Collection entries
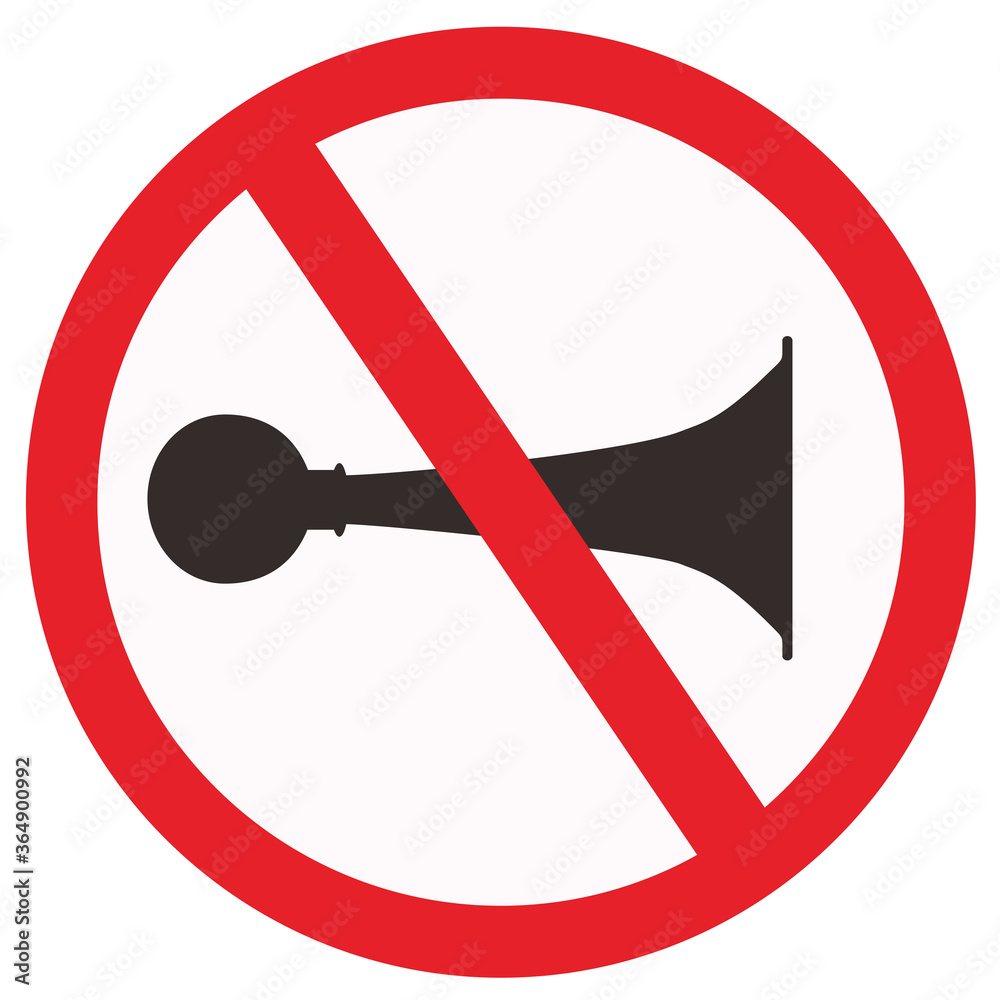 A sign that means : NO SOUND HORN A sign that means : NO SOUND HORN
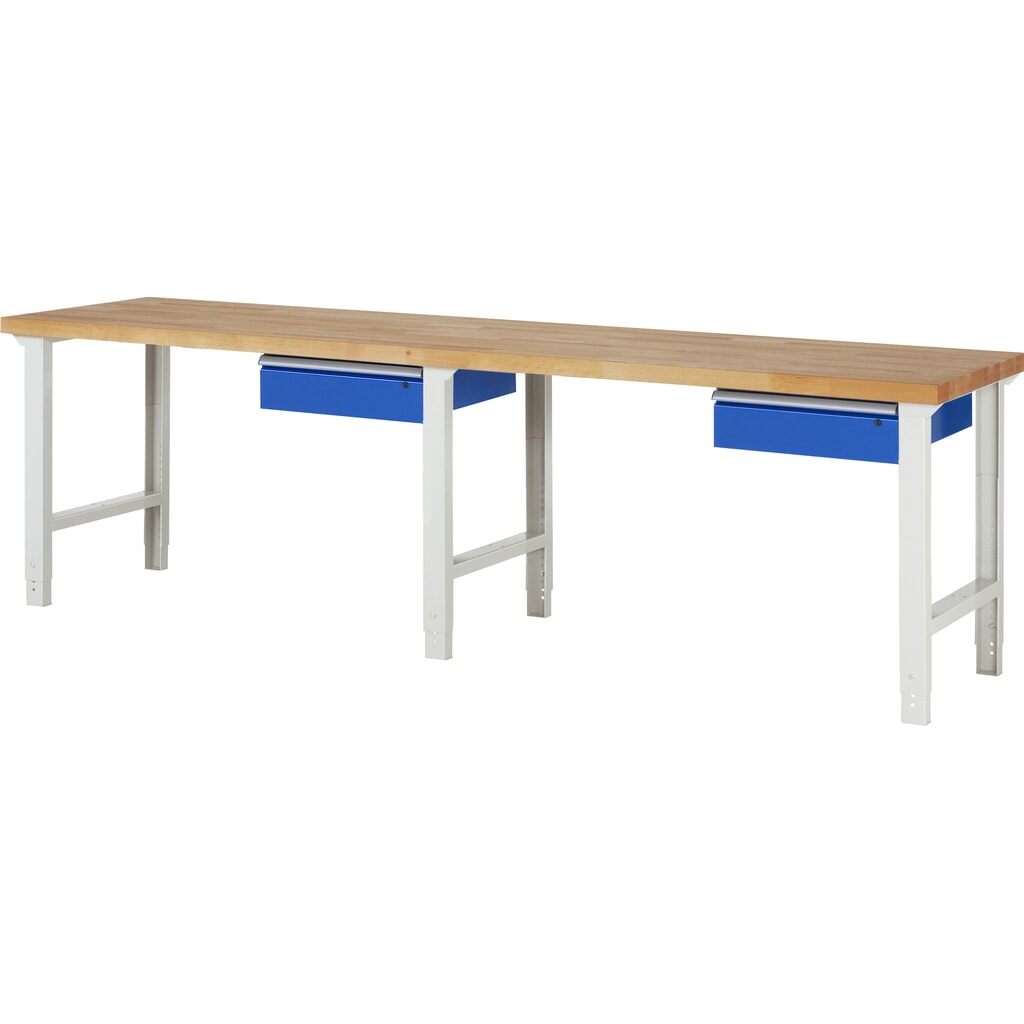Obrázok výrobku: Pracovný stôl RAU série 7 000, v × š × h 790 – 1 140 × 3 000 × 700 mm, s 2 zásuvkami
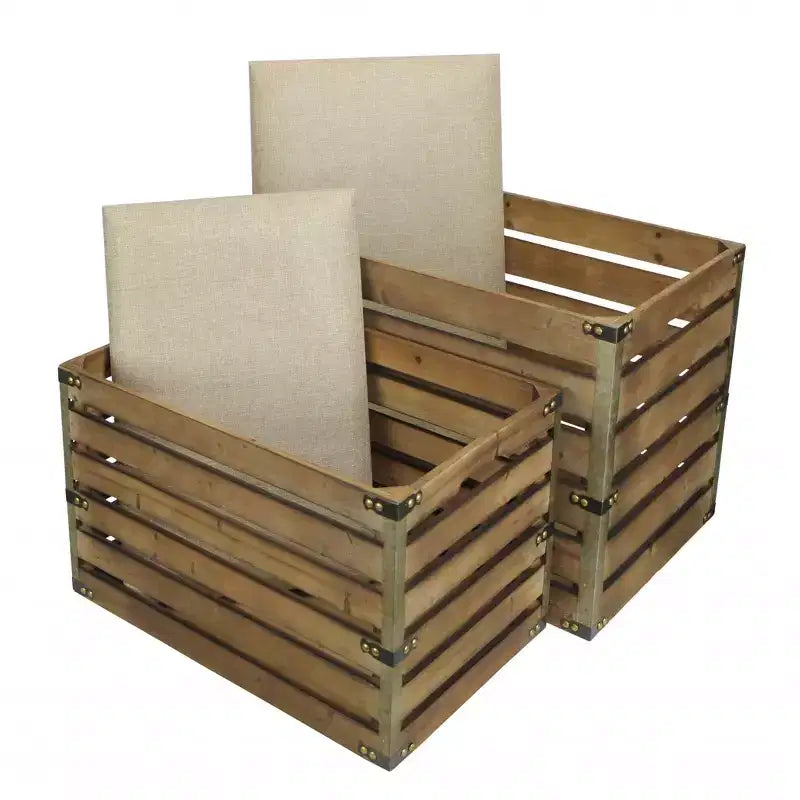 Set di due panche portaoggetti con doghe in legno marrone e rivestimento, con piano ribaltabile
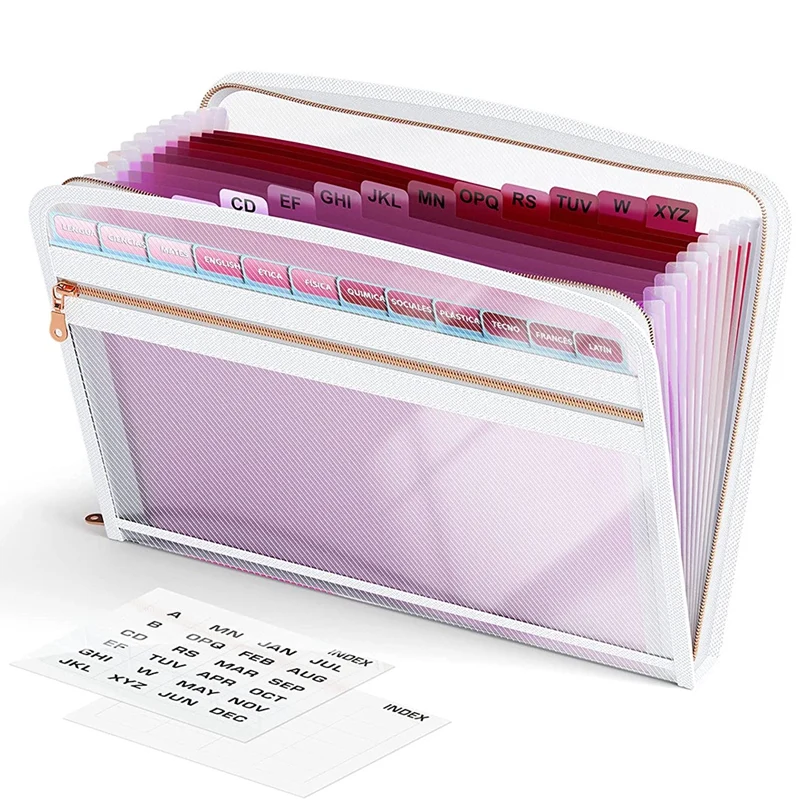 

Expansion File Folder With Zipper Closure,13 Pockets Accordion Expansion File Storage Bag, For A4 Letter Size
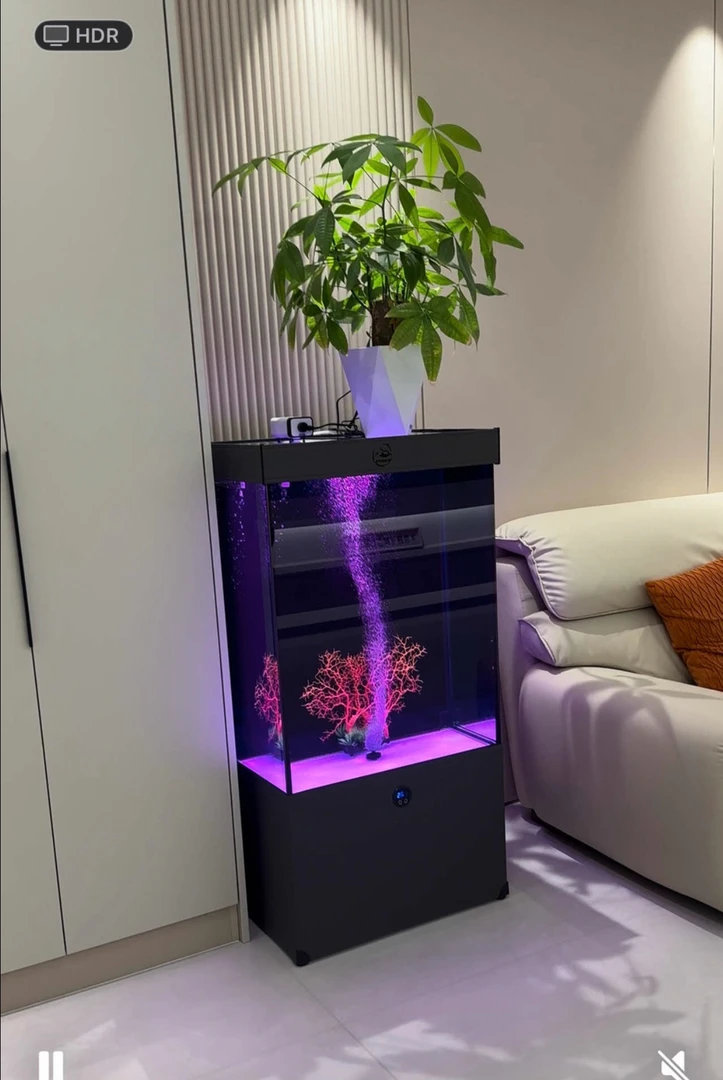 客厅家用落地式超白玻璃智能自循环过滤干湿分离生态鱼缸智能鱼缸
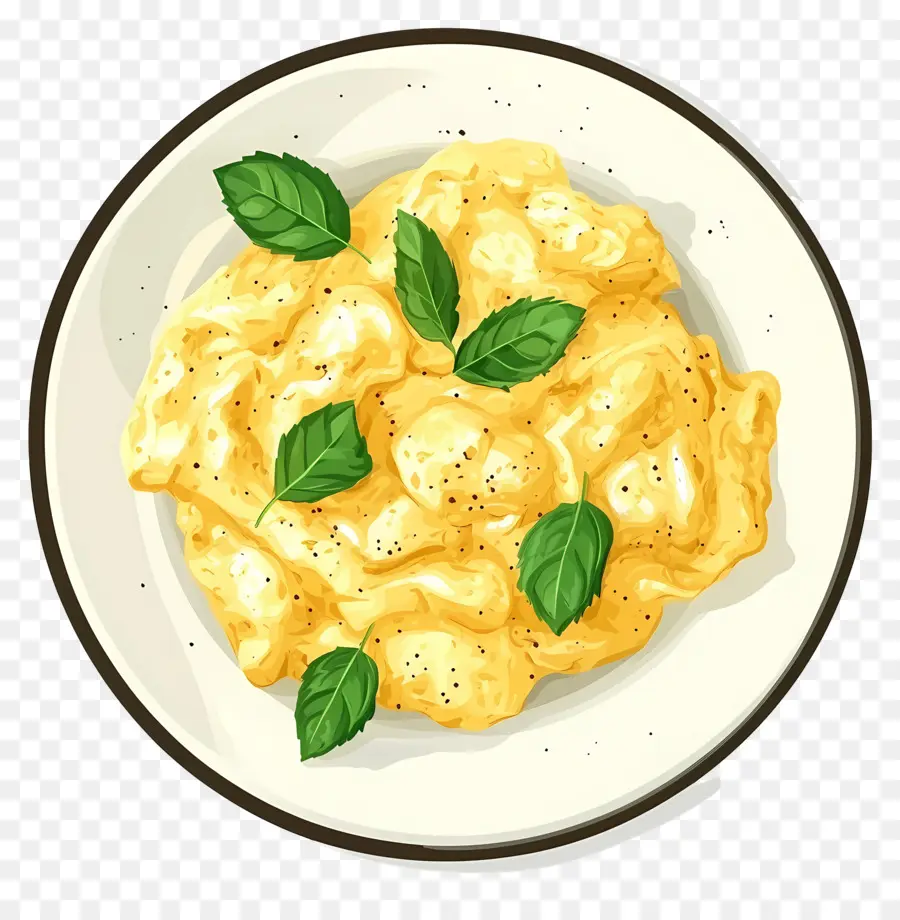 Huevos Revueltos，Plato De Pasta PNG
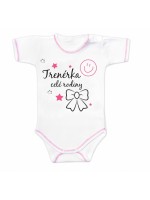 Body krátky rukáv s vtipným textom Baby Nellys, Trenérka celé rodiny, veľ. 62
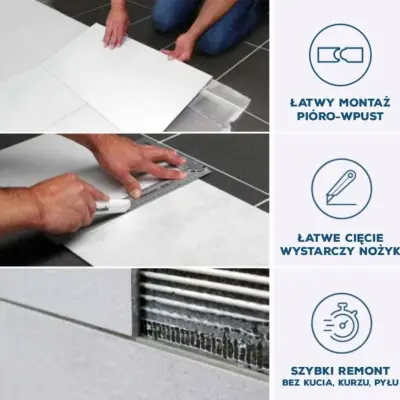 Panele winylowe Piano Mid Grey 51017 Klasa 34 3.2 mm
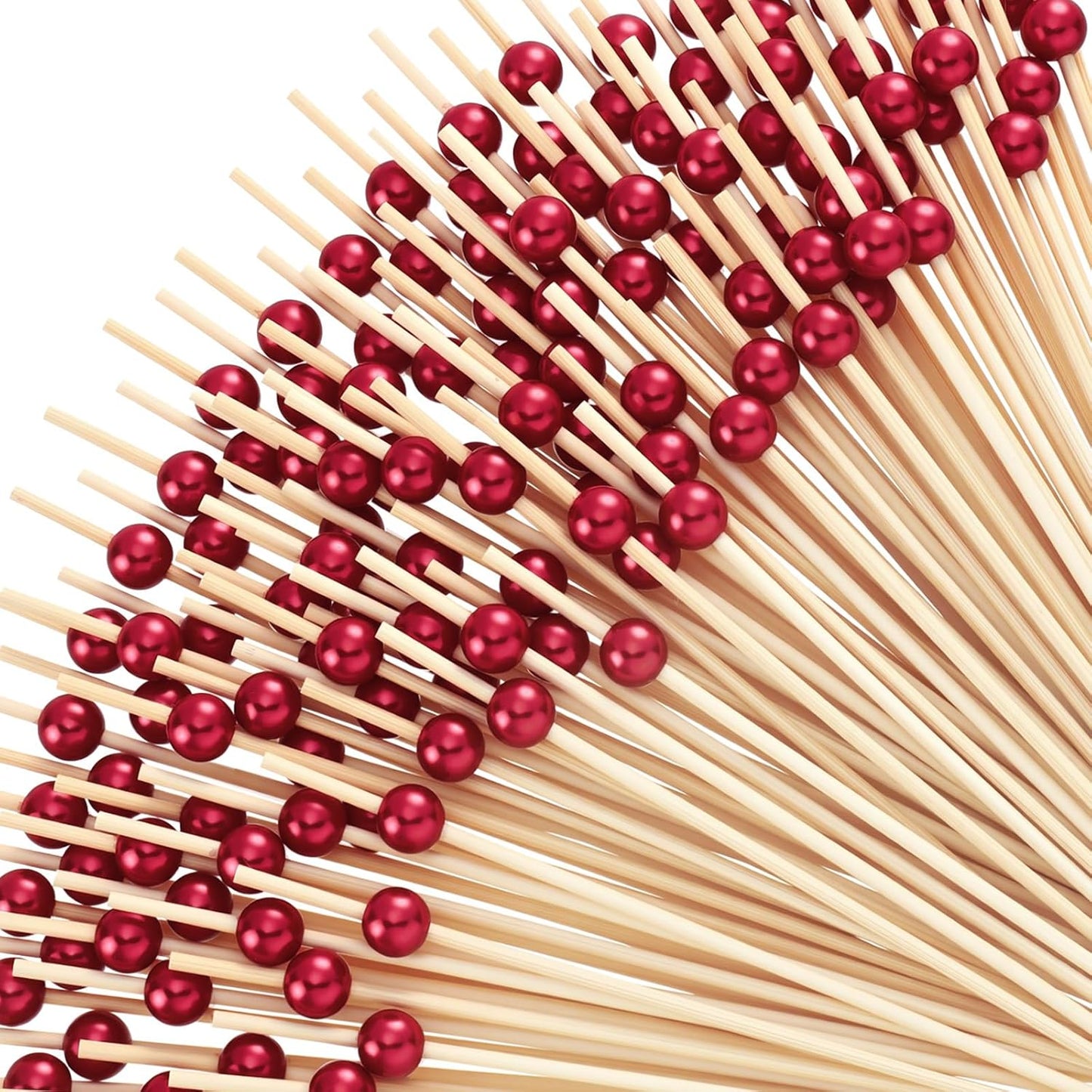 Reallnaive 600 Pcs Cocktail Pick Pearl Fancy Toothpick for Appetizer 4.7 Inch Long Skewer for Drink Fruit Food Bamboo Stick Wedding Bridal Shower Decoration Charcuterie Accessories (White)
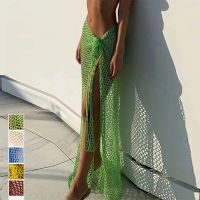 [COD] Beach vacation sexy perspective mesh hollow slit strap knitted floor mopping 2022 European and womens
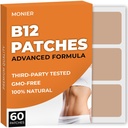 B12 Patches (pakke med 60) - 100% Natural Patch for kvinder og mænd - Fjende, Energi, Focus & Body Support - Forbedret formel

Assignment
Quote only the lines that start at the line holding "Reallnaive 600 Pcs" and end at the last line of the entries, including both of those lines, and omit every picture.

Reply to the task
 Reallnaive 600 Pcs Cocktail Pick Pearl Fancy Toothpick for Appetizer 4.7 Inch Long Skewer for Drink Fruit Food Bamboo Stick Wedding Bridal Shower Decoration Charcuterie Accessories (White)
 [COD] Beach vacation sexy perspective mesh hollow slit strap knitted floor mopping 2022 European and womens
 B12 Patches (pakke med 60) - 100% Natural Patch for kvinder og mænd - Fjende, Energi, Focus & Body Support - Forbedret formel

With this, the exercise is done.